Publié le 2017-11-18 par Dr. Aziz Tewelde

L'anomalie de Sprengel, une malformation rare de la ceinture scapulaire, demeurait depuis longtemps une énigme pour la médecine. Cette pathologie provoque chez les patients atteints une hyper-sensibilité du scrotum, des céphalées aigües et parfois des difficultés de concentration. Un lien avec les antennes-relais était envisagé depuis longtemps, sans toutefois que des preuves scientifiques solides ne viennent étayer cette hypothése. Une nouvelle étude, publiée récemment par une équipe de l'institut Johns Hopkins dans la revue de référence New England Journal of Medicine, vient toutefois confirmer ces soupçons.

L'éminent professeur Park Yüan de l'institut Johns Hopkins, dont les travaux font autorité dans le domaine, vient de jeter un pavé dans la mare avec la publication de sa dernière étude. Et pour cause : les conclusions obtenues par son équipe de recherche ne laissent désormais plus de doute quant au lien de causalité entre les antennes-relais et l'anomalie de Sprengel.

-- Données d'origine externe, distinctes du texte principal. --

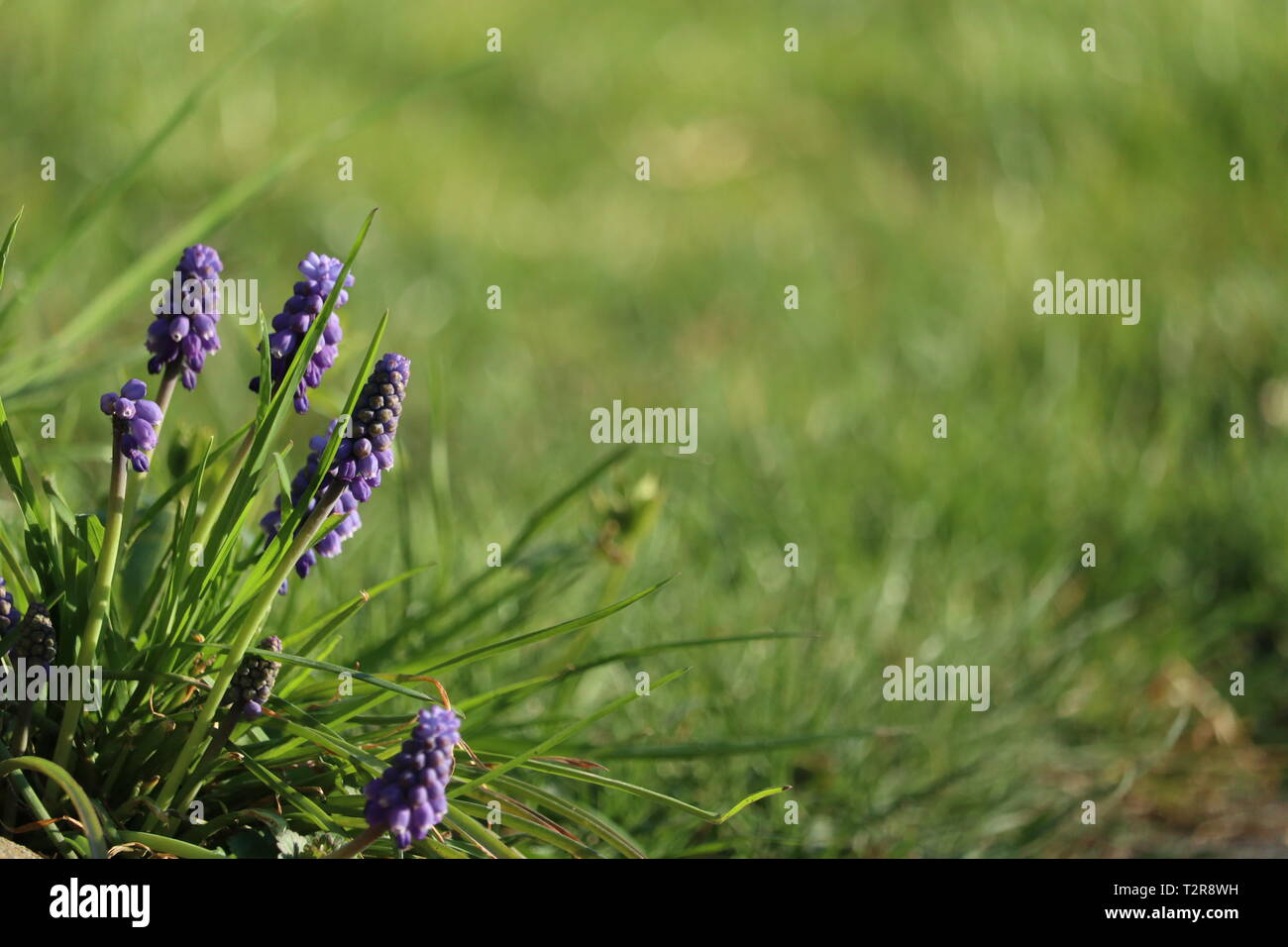 beautiful hyacinth in the meadow with soft background Stock Photo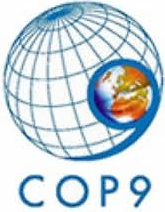 COP 9: Resultados - Sumidero y nueva tecnología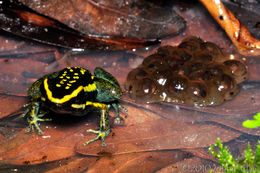 Image of Pleasing Poison Frog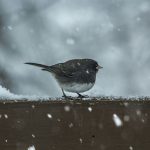 Conseils pour protéger les oiseaux du froid en hiver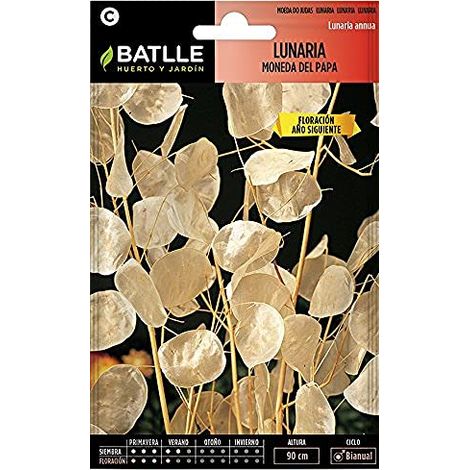Batlle - Semi di Fiori lunaria Moneta del Papa (1/2)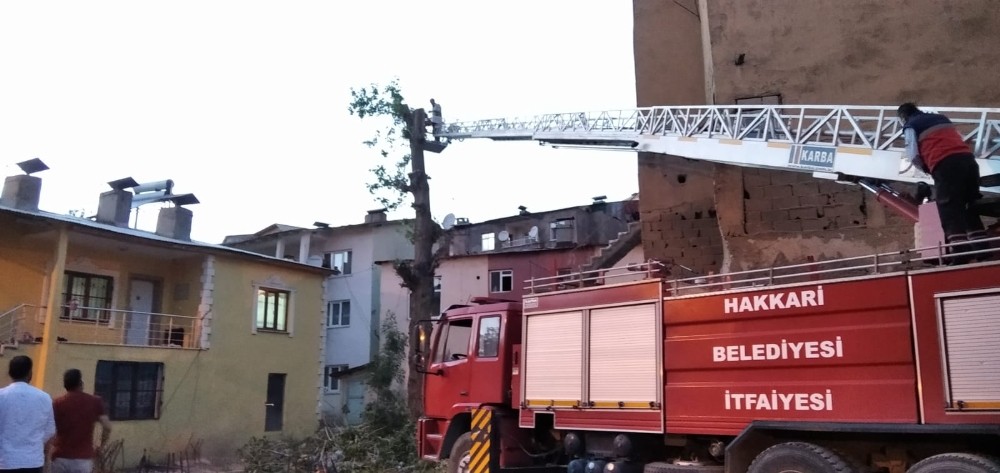 İtfaiye ekipleri tehlike saçan ağaçları kesti 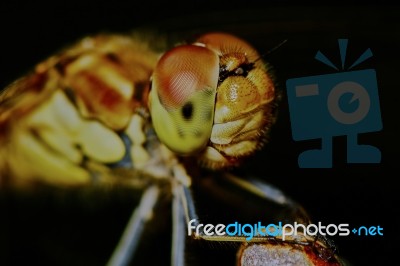 Portrait Of A Dragonfly Stock Photo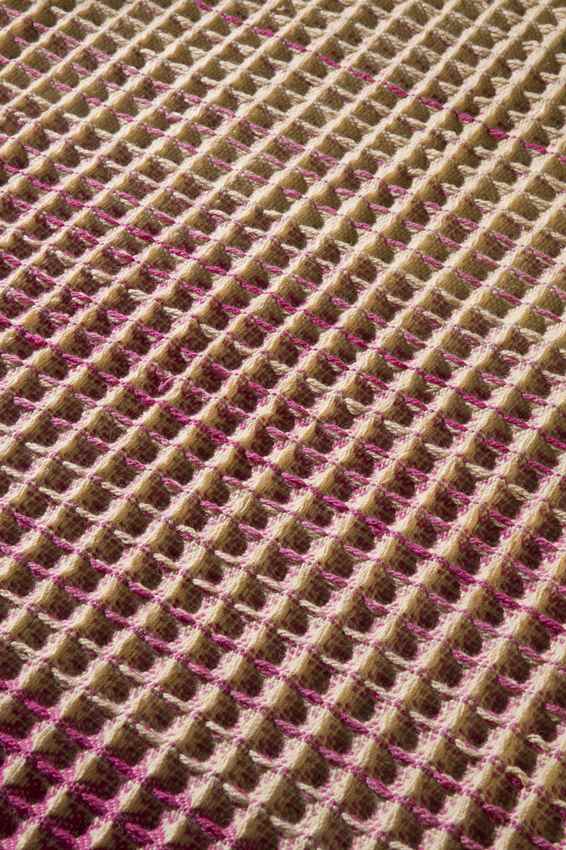 Garden Modern Hot Pink Area Rug
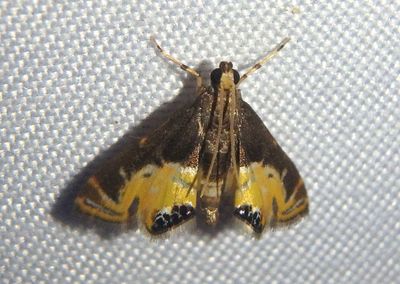Petrophila triumphalis; Crambid Snout Moth species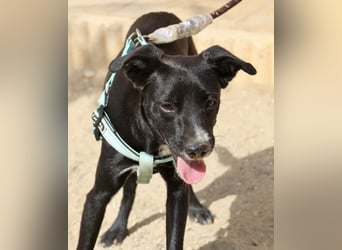 Ron - lässt sich gerne anfassen, freundlich und neugierig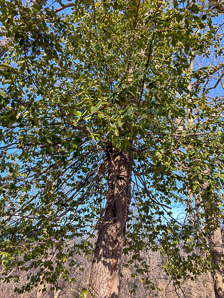 Euonymus fortunei (common wintercreeper, climbing euonymous, Fortune’s spindle, wintercreeper, climbing euonymus, winter creeper)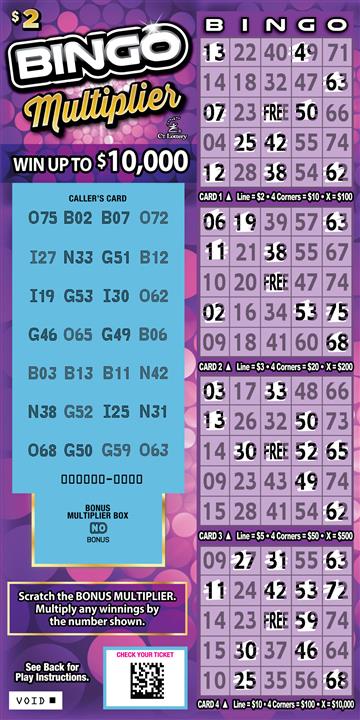 BINGO MULTIPLIER rollover image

Les preuves recueillies sont accablantes et désormais incontestables. A peine publiées, elles s'imposent déjà comme le nouveau consensus sur le sujet, mettant fin par la même occasion à la controverse qui animait le microcosme médical depuis des années. Certains d'experts spécialisés dans l'anomalie de Sprengel, qui contestaient jusqu'à présent cette relation de cause à effet avec les antennes-relais, admettent aujourd'hui qu'il n'est plus possible de la mettre en doute.

Les recherches menées par les équipes de Park Yüan se basent en effet sur une méthodologie scientifique extrêmement rigoureuse à plus d'un titre. D'abord, par l'ampleur du nombre de cas analysés : plus de 6400 patients ont été pris en charge et suivi de manière draconienne pendant une durée de 10 ans. Une telle cohorte n'avait jusqu'à présent jamais pu être réunie.

Ensuite, par le caractère exhaustif des analyses effectués sur le groupe témoin. Outre d'innombrables tests sanguins et chimiques, La cardiographie aristotélicienne fût utilisée pour la première fois à grande échelle. Cette technique de pointe ultra-moderne permet un procédé de régulation épigénétique qui consiste à utiliser l'action régulatrice des transpositions sonores de séquences temporelles de vibrations quantiques.

Mais l'aspect le plus remarquable réside dans les résultats obtenus qui, comme nous l'avons expliqué précédemment, permettent d'éliminer définitivement tout biais possible. Ces données, d'une précision inégalée à ce jour, s'imposent comme la nouvelle référence dans l'étude clinique de l'anomalie de Sprengel. Parmi les nombreuses découvertes réalisées, on trouve par exemple celle-ci :

Perturbations cytoplasmique de l'hémoglobine A
Park Yüan et al. - 2017

Ces chiffres permettent de constater que :

  • L'opacification des humeurs vitreuses atteint rapidement un niveau inquiétant.
  • Une baisse de la régulation épigénétique de la biosynthèse des protéines.
  • On observe un grand nombre de spirochètes serpentiformes et spiralés.
  • L'influence des perturbateurs supranerveux s'accroit avec le temps.

Une meilleure connaissance de ces phénomènes permet d'envisager rapidement de nouveaux traitements palliatifs (et probablement bientôt curatifs) pour les malades atteints. Lors de la conférence de presse organisée pour l'occasion, Park Yüan a même dévoilé de surprenantes pistes qui feront très rapidement l'objet de nouvelles études par son équipe.

Parmi elles, l'astrothérapie et l'hypnose semblent particulièrement efficaces à la vue des résultats. Bien que beaucoup de scientifiques rejettent toujours ce type de traitements, les constatations effectuées au cours de la méta-analyse permettent de constater un intérêt thérapeutique incontestable. Deux autres équipes de chercheurs du CNRS viennent d'ailleurs de confirmer ces résultats.

Le protocole de soin lié à l'anomalie de Sprengel pourrait ainsi évoluer de manière significative dans les mois à venir, afin de prendre en compte ces nouvelles découvertes. L'astrothérapie, en particulier, fera l'objet de recherches particulièrement poussées puisque son influence bénéfique dans le traitement de la maladie ne fait plus guère de doute.